Spurs Challenge Dramatic Ending
Derek Fisher called it an opportunity worth waiting for. Phil Jackson called it incredible.
The Spurs are calling it illegal.
Within an hour of Fisher’s dramatic 18-foot jumper, the Spurs filed a protest with the league office, saying the clock started too late and Fisher’s winning shot shouldn’t count.
To recap the facts: There were 0.4 seconds left when Gary Payton inbounded the ball to Fisher. Fisher spun around, released the ball and made the shot, giving the Lakers a 74-73 victory over the Spurs.
All three referees -- Ron Garretson, Dan Crawford and Joe Forte -- have remote clock-starting devices on their belts. The referees immediately reviewed TV replays of the shot and ruled that Fisher had released the ball in time.
But a few minutes later, after the Lakers had danced off to their locker room, Spur General Manager R.C. Buford could be heard yelling from deep within the underbelly of SBC Center, in a video room that supplied various angles and replays. The clock, in Buford’s opinion, had apparently started too late.

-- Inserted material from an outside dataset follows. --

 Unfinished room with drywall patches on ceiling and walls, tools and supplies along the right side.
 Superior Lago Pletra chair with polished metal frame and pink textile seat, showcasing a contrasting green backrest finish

Spur Coach Gregg Popovich agreed at his postgame news conference.
“I think it definitely started late,” he said. “Sometimes life’s tough.”
The Spurs then sent a written protest to the league.
“We think after looking at it in a bunch of different angles that the clock did not start in a timely manner,” Spur spokesman Tom James said. “We think there’s a pretty good case. We’re eager to see what the decision will be.”
Regardless, the Spurs were stunned.
“This game was cruel,” said Manu Ginobili, guarding Fisher on the play. “We were very focused on Kobe [Bryant] on the last play. It was really hard for me when Fisher’s shot went in because I was the guy guarding him.”
Seconds before the final play, during a Laker timeout, Spur guard Tony Parker and forward Malik Rose had their arms around each other on the sideline. They were still smiling at Tim Duncan’s shot as he staggered across the key, with Shaquille O’Neal right in front of him.
Duncan’s make gave the Spurs a 73-72 lead with 0.4 seconds left.
Then the Lakers came up with a staggering shot of their own.
“I don’t even want to look at the tape of that last play,” Parker said. “I really thought we had the game. We came back and Timmy made that awesome shot. I thought we won the game. I didn’t think Fisher had time to catch the ball, turn around and shoot it. We have to let this game go.”
The Spurs have little choice. They will board a mid-afternoon plane today for Los Angeles.
Game 6 is Saturday at Staples Center.
A year ago, the Spurs defeated the Lakers in Game 6 at Staples Center, 110-82. The Spurs won all four Game 6s in which they played last season, including three on the road, on the way to the NBA championship.
Popovich promised Saturday’s game plan won’t have anything to do with the final 0.4 seconds.
“I won’t even mention the last shot of the game,” Popovich said. “It won’t even be in our game preparation or anything like that. We’ll prepare for Game 6 in L.A. based on how we played during the game.”
(BEGIN TEXT OF INFOBOX)
NBA Rule Book
EXPIRATION OF TIME
* No less than :00.3 must expire on the game clock when a player secures possession of an inbounds pass and then attempts a field goal.
* This guideline shall apply to any field goal attempted by a player after he receives an inbounds pass, other than what will be called, for this purpose, a “tip-in” or “alley oop.” A tip-in is defined as any action in which the ball is deflected, not controlled, by a player and then enters the basket ring.
* Regardless of when the horn or red light operates to signify the end of period, the officials will ultimately make the final decision whether to allow or disallow a successful field goal.